§ **Task goal**: Setting aside any pictures, reproduce the data exactly.

(Beginning of Data block)

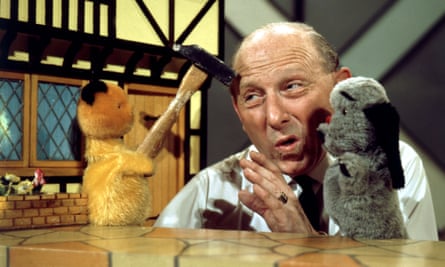 Harry Corbett, creator of The Sooty Show, during a show in 1968 with Sooty (with a hammer, left) and Sweep.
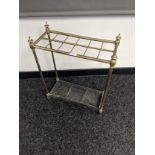 Brass stick stand with cast metal base [56x50x22cm]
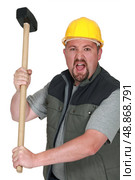 Tradesman holding a mallet. Стоковое фото, агентство Ingram Publishing / Фотобанк Лори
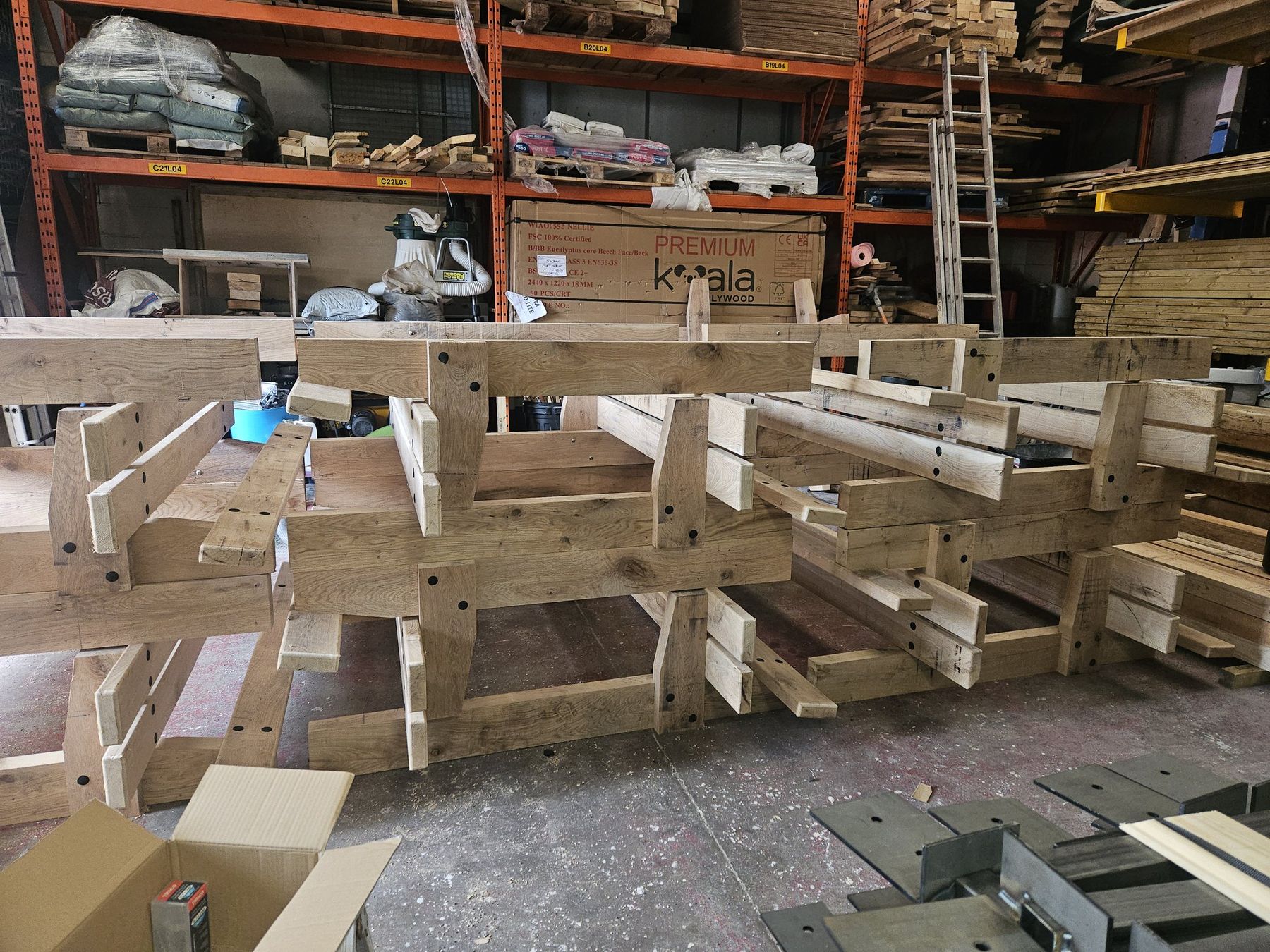 Finished timber benches stacked on racks inside the workshop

(End of Data block)

§ **Exercise solution**:
 Harry Corbett, creator of The Sooty Show, during a show in 1968 with Sooty (with a hammer, left) and Sweep.
 Brass stick stand with cast metal base [56x50x22cm]
 Tradesman holding a mallet. Стоковое фото, агентство Ingram Publishing / Фотобанк Лори
 Finished timber benches stacked on racks inside the workshop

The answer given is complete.